Background: Canadian data describing inpatient palliative care unit (PCU) utilization are scarce. In the present study, we performed a quality assessment of a 24-bed short-term PCU with a 3-months-or-less life expectancy policy in a tertiary care setting.
Methods: Using a retrospective chart review, we explored wait time (wt) for admission (May 2005 to April 2006), length of stay [los (February 2005 to January 2006)], and patient demographics.
Results: The wt data showed 508 referrals, with 242 resulting in admissions (92% malignant diagnoses) and 266 not (82% malignant). The most common malignancies in both groups were gastrointestinal, lung, and genitourinary. Median wt for admitted patients was 6 days, varying with referral source, such as the same hospital, home, or another hospital (6, 4, and 8.5 days respectively). Most admissions (93%) occurred in 21 or fewer days. Patient death (52%), admission to another PCU (25%), and declined offer (10%) were common reasons for no admission. Median los for 219 admitted patients was 19 days (range: 0-249 days). Most patients (94%) died in the PCU; a minority were discharged.

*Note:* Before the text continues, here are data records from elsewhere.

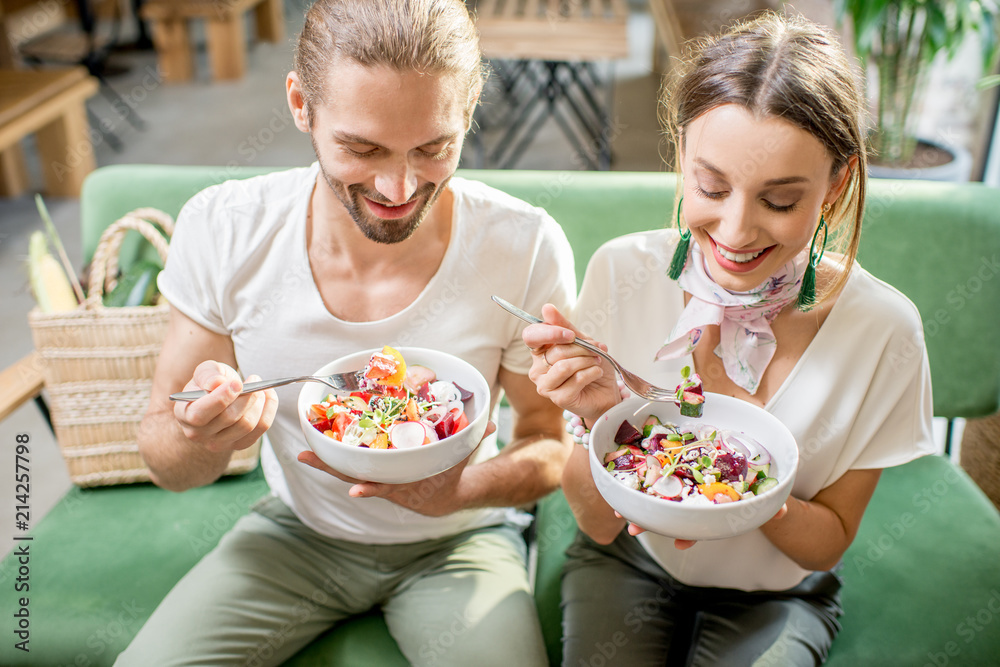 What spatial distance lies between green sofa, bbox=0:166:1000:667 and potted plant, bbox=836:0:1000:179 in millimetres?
1308

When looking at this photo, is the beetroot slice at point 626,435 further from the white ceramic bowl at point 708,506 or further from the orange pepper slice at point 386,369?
the orange pepper slice at point 386,369

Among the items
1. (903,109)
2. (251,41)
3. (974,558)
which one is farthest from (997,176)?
(251,41)

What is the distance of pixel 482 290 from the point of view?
1430mm

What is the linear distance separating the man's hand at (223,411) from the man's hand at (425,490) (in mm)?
83

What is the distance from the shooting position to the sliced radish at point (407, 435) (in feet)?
3.62

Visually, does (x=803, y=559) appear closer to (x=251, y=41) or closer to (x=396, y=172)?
(x=396, y=172)

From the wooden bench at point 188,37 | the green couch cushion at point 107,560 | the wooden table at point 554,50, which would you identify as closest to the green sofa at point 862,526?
the green couch cushion at point 107,560

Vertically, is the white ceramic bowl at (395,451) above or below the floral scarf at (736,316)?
below

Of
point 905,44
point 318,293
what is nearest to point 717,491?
point 318,293

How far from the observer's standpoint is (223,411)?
1.12 metres

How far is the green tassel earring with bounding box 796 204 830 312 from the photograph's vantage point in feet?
4.04

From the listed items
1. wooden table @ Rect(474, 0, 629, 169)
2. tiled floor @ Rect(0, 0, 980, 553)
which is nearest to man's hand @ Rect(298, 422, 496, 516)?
tiled floor @ Rect(0, 0, 980, 553)

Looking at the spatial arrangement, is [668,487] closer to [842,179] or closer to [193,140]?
[842,179]

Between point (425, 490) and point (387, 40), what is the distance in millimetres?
658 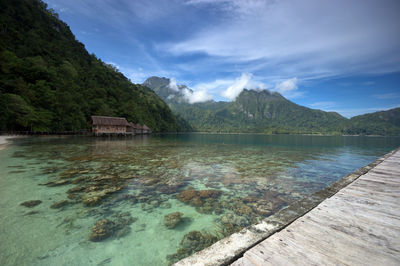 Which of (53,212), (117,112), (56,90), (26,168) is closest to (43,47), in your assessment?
(56,90)

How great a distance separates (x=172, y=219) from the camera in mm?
5668

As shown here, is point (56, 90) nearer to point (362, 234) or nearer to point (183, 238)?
point (183, 238)

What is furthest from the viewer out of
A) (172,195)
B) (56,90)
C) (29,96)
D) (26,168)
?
(56,90)

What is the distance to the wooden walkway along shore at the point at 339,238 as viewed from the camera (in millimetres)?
2088

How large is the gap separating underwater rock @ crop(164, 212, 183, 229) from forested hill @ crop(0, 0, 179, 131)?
46422 millimetres

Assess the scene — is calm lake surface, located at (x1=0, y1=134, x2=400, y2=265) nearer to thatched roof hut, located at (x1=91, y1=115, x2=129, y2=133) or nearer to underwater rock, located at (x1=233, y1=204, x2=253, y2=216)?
underwater rock, located at (x1=233, y1=204, x2=253, y2=216)

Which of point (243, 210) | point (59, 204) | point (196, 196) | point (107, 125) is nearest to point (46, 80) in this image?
point (107, 125)

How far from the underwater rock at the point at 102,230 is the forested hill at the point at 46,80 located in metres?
45.1

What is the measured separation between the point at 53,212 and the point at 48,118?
161 ft

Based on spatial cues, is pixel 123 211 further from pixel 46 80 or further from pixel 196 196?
pixel 46 80

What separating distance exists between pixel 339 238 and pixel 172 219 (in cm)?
470

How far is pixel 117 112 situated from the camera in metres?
75.6

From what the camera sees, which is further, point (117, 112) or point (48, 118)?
point (117, 112)

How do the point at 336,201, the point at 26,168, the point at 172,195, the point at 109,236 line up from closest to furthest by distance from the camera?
the point at 336,201
the point at 109,236
the point at 172,195
the point at 26,168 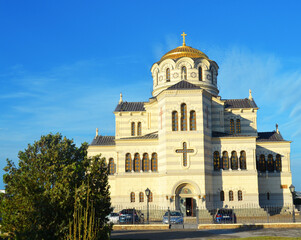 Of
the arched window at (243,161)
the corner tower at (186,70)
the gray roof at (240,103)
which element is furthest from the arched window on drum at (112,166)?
the gray roof at (240,103)

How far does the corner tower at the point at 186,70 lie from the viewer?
4178cm

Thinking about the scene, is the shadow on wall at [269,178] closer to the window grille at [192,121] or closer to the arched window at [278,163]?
the arched window at [278,163]

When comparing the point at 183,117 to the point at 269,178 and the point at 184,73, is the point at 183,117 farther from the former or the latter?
the point at 269,178

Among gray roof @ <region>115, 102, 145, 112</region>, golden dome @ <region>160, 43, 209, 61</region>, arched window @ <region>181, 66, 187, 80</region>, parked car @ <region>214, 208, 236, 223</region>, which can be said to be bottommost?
parked car @ <region>214, 208, 236, 223</region>

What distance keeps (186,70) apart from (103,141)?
13.6 metres

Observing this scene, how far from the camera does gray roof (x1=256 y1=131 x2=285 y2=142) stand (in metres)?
41.2

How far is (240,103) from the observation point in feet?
146

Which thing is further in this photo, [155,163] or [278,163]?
[278,163]

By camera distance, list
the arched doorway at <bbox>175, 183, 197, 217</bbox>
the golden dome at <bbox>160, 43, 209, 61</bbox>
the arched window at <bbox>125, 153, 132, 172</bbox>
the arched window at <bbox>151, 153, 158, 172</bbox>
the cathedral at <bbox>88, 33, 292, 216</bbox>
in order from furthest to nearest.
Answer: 1. the golden dome at <bbox>160, 43, 209, 61</bbox>
2. the arched window at <bbox>125, 153, 132, 172</bbox>
3. the arched window at <bbox>151, 153, 158, 172</bbox>
4. the cathedral at <bbox>88, 33, 292, 216</bbox>
5. the arched doorway at <bbox>175, 183, 197, 217</bbox>

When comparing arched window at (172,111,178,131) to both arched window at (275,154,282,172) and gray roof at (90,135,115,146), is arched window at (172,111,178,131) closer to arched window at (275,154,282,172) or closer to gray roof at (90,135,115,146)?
gray roof at (90,135,115,146)

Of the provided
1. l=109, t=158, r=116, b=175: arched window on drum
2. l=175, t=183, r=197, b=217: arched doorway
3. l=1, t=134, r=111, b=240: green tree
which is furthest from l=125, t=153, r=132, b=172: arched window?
l=1, t=134, r=111, b=240: green tree

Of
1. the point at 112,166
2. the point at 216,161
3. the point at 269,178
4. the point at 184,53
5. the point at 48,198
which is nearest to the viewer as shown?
the point at 48,198

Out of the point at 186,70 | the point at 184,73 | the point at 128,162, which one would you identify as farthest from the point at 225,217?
the point at 186,70

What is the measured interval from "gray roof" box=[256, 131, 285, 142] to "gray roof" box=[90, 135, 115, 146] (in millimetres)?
17742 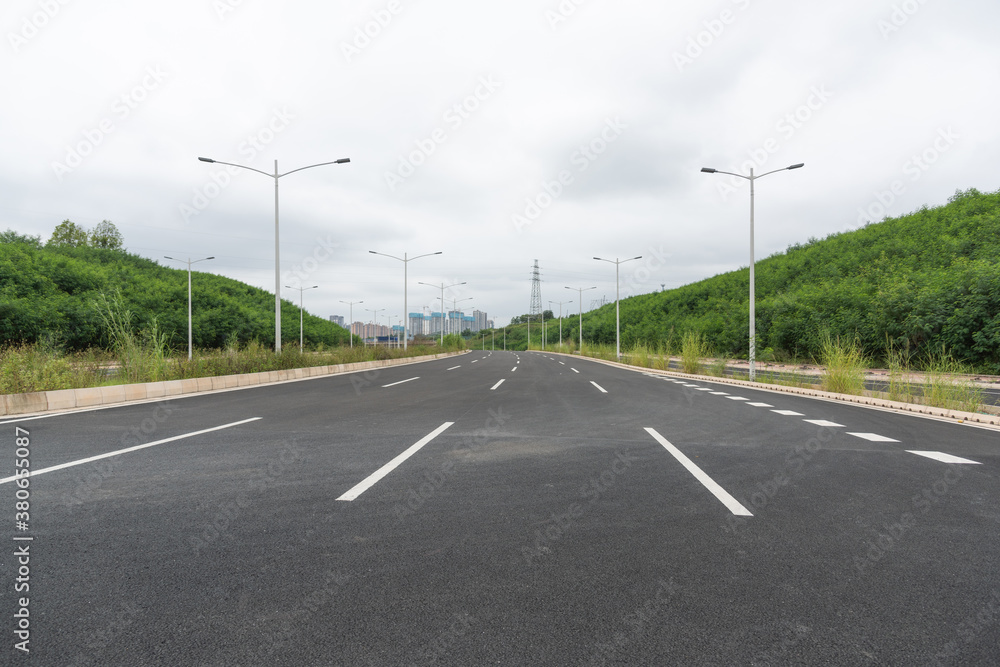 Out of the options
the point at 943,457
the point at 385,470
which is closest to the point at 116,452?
the point at 385,470

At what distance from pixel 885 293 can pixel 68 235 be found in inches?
3813

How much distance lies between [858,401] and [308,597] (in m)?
13.3

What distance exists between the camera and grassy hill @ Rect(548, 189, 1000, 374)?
878 inches

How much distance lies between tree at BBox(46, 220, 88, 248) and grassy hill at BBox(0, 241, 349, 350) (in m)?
4.60

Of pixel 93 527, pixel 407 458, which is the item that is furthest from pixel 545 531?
pixel 93 527

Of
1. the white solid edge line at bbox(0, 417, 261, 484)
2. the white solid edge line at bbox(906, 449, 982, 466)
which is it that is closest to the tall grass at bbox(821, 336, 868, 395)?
the white solid edge line at bbox(906, 449, 982, 466)

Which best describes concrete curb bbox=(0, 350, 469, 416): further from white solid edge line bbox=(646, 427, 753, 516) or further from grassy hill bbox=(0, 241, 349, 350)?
grassy hill bbox=(0, 241, 349, 350)

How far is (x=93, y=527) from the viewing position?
3545 mm

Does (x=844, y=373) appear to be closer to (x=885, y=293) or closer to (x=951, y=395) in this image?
(x=951, y=395)

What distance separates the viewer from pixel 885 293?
27141 mm

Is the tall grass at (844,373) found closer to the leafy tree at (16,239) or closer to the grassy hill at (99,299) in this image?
the grassy hill at (99,299)

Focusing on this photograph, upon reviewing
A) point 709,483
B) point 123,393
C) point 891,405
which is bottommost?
point 891,405

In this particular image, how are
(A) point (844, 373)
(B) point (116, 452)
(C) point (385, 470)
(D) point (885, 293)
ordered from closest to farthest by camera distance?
(C) point (385, 470), (B) point (116, 452), (A) point (844, 373), (D) point (885, 293)

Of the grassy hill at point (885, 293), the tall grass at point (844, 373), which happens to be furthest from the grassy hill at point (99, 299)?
the grassy hill at point (885, 293)
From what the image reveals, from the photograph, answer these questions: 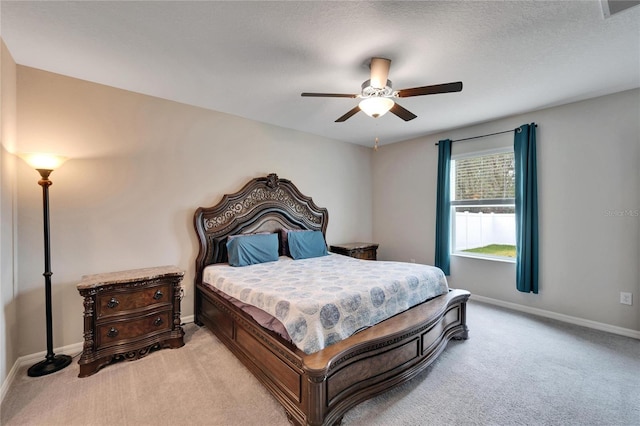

Conclusions: Many patients requiring PCU services are admitted within a few days of referral, especially patients with the least available support: those at home. However, half of the non-admitted patients die while waiting-a potential area for improvement. The los for admitted patients complied with the 3-month "expected lifespan" PCU policy. Results are significant, because ensuring quality of life for palliative care patients includes timely PCU access and sufficient los to address end-of-life needs.
Keywords: Palliative care; health care services; length of stay; palliative care unit; service utilization; waiting time.